Business News of Saturday, 27 October 2018
The Annual Budget Funding Amount (ABFA) of Ghana’s oil contribution to development in agriculture and education in the northern sector should make funded projects visible to citizens, says a SEND-Ghana report.
The 2016 report titled: “Oil for citizens: reality or mirage,” was carried out with the support of Oxfam America and tracked five funded oil projects in the two sectors across Northern, Upper East and Upper West regions.
The projects included the Sandema Koori Dam, construction of a six-unit classroom block at Nafarong, rehabilitation of Duori Dam in Jirapa (Upper West), and construction of six-unit block at Kadia, Savelugu (Northern) and two streams of kindergarten (KG) blocks funded out of ABFA.

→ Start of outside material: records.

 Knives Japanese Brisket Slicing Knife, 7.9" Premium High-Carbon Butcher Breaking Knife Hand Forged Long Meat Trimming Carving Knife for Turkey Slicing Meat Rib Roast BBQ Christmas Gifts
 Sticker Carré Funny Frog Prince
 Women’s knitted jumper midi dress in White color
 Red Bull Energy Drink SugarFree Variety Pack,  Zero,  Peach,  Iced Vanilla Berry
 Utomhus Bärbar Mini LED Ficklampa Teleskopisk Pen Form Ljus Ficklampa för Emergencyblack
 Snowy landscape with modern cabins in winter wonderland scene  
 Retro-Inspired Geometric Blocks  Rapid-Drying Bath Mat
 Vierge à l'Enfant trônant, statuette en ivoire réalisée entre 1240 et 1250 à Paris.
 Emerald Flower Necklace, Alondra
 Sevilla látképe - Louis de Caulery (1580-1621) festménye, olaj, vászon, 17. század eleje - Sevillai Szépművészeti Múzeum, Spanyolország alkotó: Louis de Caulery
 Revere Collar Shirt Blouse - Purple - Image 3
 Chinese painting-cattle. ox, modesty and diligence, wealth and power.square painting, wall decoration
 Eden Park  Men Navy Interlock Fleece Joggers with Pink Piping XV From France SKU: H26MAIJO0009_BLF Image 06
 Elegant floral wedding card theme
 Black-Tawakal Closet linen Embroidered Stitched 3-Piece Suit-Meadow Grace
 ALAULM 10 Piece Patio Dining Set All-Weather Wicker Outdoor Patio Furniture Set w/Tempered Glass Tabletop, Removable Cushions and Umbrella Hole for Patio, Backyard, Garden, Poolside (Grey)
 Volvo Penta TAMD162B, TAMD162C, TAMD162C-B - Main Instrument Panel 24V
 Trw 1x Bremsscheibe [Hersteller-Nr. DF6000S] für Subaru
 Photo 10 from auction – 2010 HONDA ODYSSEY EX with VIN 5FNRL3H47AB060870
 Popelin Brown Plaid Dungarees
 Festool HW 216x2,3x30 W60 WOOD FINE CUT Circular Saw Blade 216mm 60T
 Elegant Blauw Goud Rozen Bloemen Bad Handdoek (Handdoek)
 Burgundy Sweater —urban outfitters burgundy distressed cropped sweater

The construction and rehabilitation of the projects provided community members with direct and indirect employment opportunities and paid wages as social benefits.
According to the report, none of the five sampled projects were completely funded out of the ABFA, although the Ministry of Finance (MoF) confirmed that the sampled projects were funded out of ABFA, and “it could not provide evidence on the actual ABFA contribution to the projects”.
It said the Ministry of Education (MoE), the five sampled District Assemblies and respective directorates of education had limited knowledge on the projects regarding financing and implementation arrangements.
“The ABFA was spread delicately across many projects, resulting in delayed completion dates and possible cost overruns and the actual contribution to the sampled projects were very minimal,” the report said.
It said none of the projects were completed on time due to delays in funds transfer and minimal budgetary allotment from the ABFA.
“Citizens’ participation in project governance was minimal and not homogeneous across all districts and the social impact of the selected projects can not completely be attributed to the ABFA as its contribution towards project implementation was minimal,” it said.
“Oil revenues have become a key component of Ghana’s annual budget which are used judiciously under the Petroleum Revenue Management Law (PRML) to lessen poverty and improved quality life”.
“This PRML law provides a framework for accounting for oil production, expenditure and receipts and also gives clear guidelines for revenue distribution and investment”.
The ABFA study made it clear from the report that the projects had crucial benefits and had not created only job opportunities but supported improved livelihoods of community members.
The report recommended that in order to avert cost and time overruns, there is the need to ensure better implementation as well as monitoring and evaluation of projects periodically.
Community members should also be engaged in project selection to give meaning to bottom-up approach to development, it said.